How about this, as an alternative?

E-mail to my class, 4/17/00
"Virginia Woolf would be happy":

Virginia Woolf would be happy, I think, to know of the news in this Sunday's NYT (4/16/00): "In the largest donation ever to a woman's college, a New York couple has given $25 million to Wellesley College. The gift from Anthony Wang and his wife, Lily...was announced as the college began a five-year campaign to raise $400 million, the most ambitious fund-raising goal ever set by a woman's college...since women have traditionally lagged behind men in charitable giving, women's colleges have had less success than coeducation institutions in fund-raising...Wellesley's president said the gift from the Wangs "shattered that shibboleth. This says women are loyal and they care, and they care about causes that have to do with women and the institutions that help women to make a difference in the world," she said. 'When we pull this campaign off, it will say that women are every bit as capable of raising money to support an institution they love as men are. We don't have to think of them as any less capable in that realm any more than we have to think of them as less capable in any other realm.'"

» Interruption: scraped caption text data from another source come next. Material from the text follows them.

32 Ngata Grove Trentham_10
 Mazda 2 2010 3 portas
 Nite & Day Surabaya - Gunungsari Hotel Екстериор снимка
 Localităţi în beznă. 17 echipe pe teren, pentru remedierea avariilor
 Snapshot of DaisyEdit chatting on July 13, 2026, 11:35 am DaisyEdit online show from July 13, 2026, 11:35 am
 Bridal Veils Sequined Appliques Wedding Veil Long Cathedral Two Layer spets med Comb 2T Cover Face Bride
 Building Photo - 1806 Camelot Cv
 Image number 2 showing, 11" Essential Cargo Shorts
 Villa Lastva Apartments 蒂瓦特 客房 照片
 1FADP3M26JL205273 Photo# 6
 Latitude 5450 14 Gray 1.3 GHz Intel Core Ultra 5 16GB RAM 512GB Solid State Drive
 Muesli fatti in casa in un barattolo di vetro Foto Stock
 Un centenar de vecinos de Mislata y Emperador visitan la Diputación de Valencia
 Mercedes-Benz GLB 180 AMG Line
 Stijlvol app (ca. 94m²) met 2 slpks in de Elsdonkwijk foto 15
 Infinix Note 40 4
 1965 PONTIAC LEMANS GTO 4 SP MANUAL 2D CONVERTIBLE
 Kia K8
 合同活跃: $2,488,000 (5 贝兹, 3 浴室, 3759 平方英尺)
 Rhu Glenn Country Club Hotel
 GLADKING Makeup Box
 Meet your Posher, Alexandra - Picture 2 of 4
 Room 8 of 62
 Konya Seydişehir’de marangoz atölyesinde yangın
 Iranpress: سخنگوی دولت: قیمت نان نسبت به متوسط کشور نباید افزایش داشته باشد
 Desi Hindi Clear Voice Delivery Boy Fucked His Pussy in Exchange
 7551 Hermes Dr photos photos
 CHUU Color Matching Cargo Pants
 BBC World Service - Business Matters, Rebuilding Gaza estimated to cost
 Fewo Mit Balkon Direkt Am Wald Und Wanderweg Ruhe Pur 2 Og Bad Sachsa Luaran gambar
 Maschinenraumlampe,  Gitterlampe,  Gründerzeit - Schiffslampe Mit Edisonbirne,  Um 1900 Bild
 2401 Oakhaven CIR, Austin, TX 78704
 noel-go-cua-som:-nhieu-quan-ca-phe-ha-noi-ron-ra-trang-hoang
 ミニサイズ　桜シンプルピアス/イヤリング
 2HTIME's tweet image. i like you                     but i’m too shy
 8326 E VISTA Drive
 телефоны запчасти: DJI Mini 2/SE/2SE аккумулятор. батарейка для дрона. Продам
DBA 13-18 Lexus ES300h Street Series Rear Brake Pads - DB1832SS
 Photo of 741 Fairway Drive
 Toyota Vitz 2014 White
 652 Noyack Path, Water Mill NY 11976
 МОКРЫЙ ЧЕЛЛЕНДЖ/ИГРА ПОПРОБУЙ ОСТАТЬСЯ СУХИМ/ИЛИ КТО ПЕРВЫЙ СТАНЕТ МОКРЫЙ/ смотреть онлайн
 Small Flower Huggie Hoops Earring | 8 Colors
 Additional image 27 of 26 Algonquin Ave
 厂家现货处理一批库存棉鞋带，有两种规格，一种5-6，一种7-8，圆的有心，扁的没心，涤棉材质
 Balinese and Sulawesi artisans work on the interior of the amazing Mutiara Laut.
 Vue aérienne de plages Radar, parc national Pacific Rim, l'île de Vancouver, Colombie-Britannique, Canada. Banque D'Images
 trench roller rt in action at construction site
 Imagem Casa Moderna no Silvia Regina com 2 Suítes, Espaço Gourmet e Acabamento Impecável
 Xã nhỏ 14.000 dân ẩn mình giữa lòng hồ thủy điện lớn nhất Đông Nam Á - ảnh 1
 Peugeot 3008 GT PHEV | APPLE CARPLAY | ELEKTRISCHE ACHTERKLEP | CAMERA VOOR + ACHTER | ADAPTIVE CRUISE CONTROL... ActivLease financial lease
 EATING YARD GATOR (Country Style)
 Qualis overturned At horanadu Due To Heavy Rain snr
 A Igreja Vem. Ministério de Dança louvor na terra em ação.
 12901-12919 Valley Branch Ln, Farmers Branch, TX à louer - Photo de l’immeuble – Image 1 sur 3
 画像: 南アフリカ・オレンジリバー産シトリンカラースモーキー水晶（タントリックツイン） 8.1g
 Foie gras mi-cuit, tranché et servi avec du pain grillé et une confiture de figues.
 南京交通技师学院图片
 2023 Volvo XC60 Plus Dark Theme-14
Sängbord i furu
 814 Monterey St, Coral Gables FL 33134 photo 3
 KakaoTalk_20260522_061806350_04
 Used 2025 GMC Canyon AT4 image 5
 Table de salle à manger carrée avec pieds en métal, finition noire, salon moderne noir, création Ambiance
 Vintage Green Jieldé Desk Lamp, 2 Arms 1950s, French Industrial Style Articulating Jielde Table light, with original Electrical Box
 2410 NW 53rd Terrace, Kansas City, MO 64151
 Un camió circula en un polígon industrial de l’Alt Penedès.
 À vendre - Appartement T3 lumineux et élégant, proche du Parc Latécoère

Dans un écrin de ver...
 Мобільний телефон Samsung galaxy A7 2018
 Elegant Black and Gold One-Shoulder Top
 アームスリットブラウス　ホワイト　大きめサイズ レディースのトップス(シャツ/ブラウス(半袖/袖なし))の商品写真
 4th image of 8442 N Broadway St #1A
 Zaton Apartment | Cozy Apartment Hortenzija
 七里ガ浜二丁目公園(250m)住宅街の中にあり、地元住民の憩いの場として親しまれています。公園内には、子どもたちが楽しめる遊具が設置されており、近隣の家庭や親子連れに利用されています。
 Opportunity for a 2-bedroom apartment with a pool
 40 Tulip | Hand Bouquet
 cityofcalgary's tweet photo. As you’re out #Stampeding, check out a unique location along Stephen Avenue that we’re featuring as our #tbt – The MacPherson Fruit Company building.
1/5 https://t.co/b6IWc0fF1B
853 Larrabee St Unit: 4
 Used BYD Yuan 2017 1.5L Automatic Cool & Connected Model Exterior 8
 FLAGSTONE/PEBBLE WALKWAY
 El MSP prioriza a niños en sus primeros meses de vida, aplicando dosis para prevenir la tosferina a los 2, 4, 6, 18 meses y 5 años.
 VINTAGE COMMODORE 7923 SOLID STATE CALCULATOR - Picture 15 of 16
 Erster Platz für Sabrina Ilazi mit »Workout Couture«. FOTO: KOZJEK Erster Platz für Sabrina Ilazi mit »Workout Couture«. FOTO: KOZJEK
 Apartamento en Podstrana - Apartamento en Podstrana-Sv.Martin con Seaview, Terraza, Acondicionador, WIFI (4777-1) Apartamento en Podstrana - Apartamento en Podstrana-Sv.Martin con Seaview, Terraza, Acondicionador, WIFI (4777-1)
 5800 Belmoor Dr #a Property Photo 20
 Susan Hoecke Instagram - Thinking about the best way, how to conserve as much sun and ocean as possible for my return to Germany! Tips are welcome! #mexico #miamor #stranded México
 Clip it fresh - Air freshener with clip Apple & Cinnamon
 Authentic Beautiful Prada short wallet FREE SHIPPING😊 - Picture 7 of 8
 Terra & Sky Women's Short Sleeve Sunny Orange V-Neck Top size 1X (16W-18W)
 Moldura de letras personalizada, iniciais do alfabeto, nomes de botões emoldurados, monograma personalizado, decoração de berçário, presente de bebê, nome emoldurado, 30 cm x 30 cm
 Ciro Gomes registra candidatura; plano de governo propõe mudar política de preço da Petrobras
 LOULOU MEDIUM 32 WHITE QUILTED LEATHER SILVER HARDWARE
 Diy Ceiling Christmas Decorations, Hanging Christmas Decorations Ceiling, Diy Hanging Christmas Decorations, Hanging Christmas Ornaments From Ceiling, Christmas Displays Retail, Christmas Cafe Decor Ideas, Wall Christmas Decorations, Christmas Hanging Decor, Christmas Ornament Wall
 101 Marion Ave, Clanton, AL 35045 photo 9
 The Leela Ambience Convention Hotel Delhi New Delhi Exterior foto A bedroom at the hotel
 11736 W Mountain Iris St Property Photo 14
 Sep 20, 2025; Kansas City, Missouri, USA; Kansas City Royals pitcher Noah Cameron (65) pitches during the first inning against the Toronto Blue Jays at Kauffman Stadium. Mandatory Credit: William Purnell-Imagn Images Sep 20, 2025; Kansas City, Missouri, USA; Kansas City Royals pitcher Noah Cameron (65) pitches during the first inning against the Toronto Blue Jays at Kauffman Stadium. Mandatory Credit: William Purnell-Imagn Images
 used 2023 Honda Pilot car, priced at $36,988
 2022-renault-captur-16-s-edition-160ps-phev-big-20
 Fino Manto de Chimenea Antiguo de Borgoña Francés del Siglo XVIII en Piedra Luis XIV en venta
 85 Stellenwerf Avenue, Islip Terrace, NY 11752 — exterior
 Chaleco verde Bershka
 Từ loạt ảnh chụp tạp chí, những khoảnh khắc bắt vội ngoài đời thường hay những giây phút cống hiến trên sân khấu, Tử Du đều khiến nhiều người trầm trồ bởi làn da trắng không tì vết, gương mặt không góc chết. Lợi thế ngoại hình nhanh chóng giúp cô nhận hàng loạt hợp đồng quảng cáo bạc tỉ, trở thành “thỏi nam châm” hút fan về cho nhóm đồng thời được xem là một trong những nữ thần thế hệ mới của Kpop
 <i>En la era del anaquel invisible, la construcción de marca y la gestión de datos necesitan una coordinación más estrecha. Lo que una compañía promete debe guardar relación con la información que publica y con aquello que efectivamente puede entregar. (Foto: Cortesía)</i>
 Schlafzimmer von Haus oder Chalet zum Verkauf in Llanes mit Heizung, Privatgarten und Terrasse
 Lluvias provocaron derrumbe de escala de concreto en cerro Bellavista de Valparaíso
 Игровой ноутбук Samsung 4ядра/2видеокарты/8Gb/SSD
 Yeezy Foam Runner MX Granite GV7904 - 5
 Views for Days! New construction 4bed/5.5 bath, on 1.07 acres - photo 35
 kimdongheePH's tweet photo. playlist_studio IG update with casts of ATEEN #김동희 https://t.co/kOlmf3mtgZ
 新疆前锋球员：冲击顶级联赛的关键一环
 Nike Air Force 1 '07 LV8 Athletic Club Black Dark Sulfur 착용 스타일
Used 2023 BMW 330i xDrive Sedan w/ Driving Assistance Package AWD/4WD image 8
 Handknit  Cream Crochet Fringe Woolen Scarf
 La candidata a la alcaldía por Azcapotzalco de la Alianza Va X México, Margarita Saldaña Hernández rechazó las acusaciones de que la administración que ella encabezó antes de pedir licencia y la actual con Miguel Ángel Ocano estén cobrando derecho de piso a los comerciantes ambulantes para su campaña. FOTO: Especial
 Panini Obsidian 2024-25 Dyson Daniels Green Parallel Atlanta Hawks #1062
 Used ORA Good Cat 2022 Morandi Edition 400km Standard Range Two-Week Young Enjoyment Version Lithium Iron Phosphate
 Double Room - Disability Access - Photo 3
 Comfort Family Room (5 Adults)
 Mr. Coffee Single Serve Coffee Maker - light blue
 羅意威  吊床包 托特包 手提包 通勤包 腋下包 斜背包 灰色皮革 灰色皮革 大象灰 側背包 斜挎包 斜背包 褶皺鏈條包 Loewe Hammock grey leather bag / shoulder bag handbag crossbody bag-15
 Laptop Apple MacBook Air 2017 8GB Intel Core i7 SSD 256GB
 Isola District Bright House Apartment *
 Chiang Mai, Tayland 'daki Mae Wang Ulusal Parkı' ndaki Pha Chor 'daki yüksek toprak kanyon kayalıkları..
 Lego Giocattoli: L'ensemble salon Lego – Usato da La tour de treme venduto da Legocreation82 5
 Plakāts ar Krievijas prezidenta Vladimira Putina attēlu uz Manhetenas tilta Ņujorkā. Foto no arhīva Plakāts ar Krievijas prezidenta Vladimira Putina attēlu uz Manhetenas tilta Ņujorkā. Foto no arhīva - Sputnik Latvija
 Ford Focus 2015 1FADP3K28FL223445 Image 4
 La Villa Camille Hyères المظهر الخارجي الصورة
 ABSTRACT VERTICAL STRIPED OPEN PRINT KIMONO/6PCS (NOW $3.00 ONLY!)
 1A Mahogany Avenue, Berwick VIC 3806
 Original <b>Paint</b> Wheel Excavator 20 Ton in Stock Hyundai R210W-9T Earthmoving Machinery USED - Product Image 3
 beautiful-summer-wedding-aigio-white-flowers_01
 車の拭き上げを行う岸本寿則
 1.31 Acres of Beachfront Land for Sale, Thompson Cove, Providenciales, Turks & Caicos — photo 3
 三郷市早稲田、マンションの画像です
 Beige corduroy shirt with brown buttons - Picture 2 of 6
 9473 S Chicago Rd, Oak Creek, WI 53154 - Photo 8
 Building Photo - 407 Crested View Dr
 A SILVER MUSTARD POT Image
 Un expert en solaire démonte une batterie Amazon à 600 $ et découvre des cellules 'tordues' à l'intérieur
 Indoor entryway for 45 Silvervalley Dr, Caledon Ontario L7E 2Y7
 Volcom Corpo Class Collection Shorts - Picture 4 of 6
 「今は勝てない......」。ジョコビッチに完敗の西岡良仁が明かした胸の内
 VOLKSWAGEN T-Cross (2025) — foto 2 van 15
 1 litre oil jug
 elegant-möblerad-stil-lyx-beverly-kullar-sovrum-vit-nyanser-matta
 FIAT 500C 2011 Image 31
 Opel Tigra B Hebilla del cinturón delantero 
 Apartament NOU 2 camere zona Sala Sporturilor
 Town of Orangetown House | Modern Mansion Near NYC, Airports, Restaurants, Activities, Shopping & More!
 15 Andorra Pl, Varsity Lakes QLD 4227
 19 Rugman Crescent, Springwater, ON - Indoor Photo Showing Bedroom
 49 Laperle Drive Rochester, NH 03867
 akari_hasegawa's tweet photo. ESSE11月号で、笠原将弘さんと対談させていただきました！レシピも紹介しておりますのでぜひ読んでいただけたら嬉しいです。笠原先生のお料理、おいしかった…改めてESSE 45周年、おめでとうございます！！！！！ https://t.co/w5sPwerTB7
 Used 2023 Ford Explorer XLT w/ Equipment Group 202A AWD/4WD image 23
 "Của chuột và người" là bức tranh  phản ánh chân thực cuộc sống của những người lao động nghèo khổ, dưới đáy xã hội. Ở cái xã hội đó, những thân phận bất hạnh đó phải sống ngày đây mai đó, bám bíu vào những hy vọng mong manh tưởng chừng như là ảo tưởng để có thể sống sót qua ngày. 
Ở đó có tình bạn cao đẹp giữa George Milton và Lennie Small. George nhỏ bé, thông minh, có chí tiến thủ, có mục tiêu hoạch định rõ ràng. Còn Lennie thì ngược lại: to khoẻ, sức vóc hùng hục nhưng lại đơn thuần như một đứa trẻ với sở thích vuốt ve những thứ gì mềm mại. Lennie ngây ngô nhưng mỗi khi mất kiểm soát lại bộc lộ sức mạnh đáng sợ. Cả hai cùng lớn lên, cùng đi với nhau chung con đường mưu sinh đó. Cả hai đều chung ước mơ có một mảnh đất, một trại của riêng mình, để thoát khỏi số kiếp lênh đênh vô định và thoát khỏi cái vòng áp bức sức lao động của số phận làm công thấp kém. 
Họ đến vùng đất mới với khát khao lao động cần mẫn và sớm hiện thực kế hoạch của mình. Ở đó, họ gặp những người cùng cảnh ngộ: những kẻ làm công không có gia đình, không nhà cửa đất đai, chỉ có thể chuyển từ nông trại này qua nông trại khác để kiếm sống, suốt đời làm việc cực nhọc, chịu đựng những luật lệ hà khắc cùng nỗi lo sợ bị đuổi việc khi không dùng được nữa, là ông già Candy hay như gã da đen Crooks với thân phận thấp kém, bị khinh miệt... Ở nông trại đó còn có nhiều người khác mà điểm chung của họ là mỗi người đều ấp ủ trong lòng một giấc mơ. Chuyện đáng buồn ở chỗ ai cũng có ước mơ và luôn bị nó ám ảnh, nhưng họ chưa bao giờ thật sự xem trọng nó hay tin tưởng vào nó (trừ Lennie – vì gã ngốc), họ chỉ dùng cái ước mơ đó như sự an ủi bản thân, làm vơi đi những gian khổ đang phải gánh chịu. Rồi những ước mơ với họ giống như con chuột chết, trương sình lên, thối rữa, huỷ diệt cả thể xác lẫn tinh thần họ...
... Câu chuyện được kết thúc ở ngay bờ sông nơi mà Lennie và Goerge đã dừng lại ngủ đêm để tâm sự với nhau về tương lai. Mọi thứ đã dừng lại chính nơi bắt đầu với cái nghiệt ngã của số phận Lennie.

Does saying that "women are every bit as capable of raising money
to support an institution that they love"
seem to you a good end for women's education?

Might we re-conceive our work on larger terms,
as installing multiple different sorts of women in the public sphere?

Am I pushing too hard?
(Placing too many peas in the featherbed?)

Kelsey: I find it disturbing to follow her arguments....the 'educated' seem to advocate peace much more than the "non-educated" ....Very few of the educated elite, who strive to protect "culture and intellectual liberty," would ever dream of enlisting into the armed forces....within these elite structures, anti-war sentiment has vastly increased from the 1930šs....the egalitarian society that she promotes will always be tied to class more than gender.

Patricia : I felt that she presents an interesting idea about resistance to discourse. "But as a result the answer to your question must be that we can best help you prevent war not by repeating your words and following your methods but by finding new words and creating new methods. We can best help you to prevent war not by joining your society but by remaining outside your society but in co-operation with its aim." (pp. 143) She seems to be suggesting a "pleasure-dome"...introducing a new discourse... I found Woolf's sense of humor extremely amusing.... I felt as though this book was written in a way that exuded confidence in a way that felt like it was coming from a man...Even the lack of paragraphs--no real stops between ideas--but it was like a contained and more "logical" version of Molly's chapter in "Ulysses". There was something powerful--even "masculine" about her writing--that I feel as though she planned in some way.